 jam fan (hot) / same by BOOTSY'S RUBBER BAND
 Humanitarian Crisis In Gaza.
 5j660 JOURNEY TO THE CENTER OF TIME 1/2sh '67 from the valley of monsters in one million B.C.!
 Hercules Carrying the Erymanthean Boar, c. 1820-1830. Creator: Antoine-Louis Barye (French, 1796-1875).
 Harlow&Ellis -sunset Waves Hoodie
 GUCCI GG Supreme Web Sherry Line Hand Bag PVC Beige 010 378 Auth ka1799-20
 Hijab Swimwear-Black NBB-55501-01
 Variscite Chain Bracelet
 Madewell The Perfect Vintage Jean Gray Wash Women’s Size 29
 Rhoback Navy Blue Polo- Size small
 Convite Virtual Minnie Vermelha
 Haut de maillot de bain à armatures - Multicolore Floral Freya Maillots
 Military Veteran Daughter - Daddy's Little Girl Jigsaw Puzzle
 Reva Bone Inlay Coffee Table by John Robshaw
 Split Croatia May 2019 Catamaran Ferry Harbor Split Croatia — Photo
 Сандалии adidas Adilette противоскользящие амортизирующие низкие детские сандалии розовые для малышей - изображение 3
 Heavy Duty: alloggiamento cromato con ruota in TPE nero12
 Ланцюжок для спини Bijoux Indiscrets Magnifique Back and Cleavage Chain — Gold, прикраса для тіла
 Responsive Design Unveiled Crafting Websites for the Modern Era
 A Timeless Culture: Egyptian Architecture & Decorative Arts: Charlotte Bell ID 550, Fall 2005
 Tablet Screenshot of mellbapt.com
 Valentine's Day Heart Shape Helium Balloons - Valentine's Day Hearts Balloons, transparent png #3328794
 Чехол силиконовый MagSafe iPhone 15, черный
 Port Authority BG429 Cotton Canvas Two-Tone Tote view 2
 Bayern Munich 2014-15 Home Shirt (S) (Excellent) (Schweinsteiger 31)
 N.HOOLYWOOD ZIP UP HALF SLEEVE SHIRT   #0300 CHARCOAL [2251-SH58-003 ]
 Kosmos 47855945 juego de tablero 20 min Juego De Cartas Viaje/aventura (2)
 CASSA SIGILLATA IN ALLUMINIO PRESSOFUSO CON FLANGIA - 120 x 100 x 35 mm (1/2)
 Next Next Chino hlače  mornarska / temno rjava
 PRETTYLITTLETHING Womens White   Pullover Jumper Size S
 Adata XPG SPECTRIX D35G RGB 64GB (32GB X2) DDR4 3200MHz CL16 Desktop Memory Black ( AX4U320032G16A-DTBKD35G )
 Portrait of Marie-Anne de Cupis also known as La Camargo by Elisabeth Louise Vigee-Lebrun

..............................

Lines from the entries that contain the word "Size" are what the answer must hold.

### [The completed task]
 Madewell The Perfect Vintage Jean Gray Wash Women’s Size 29
 Rhoback Navy Blue Polo- Size small
 PRETTYLITTLETHING Womens White   Pullover Jumper Size S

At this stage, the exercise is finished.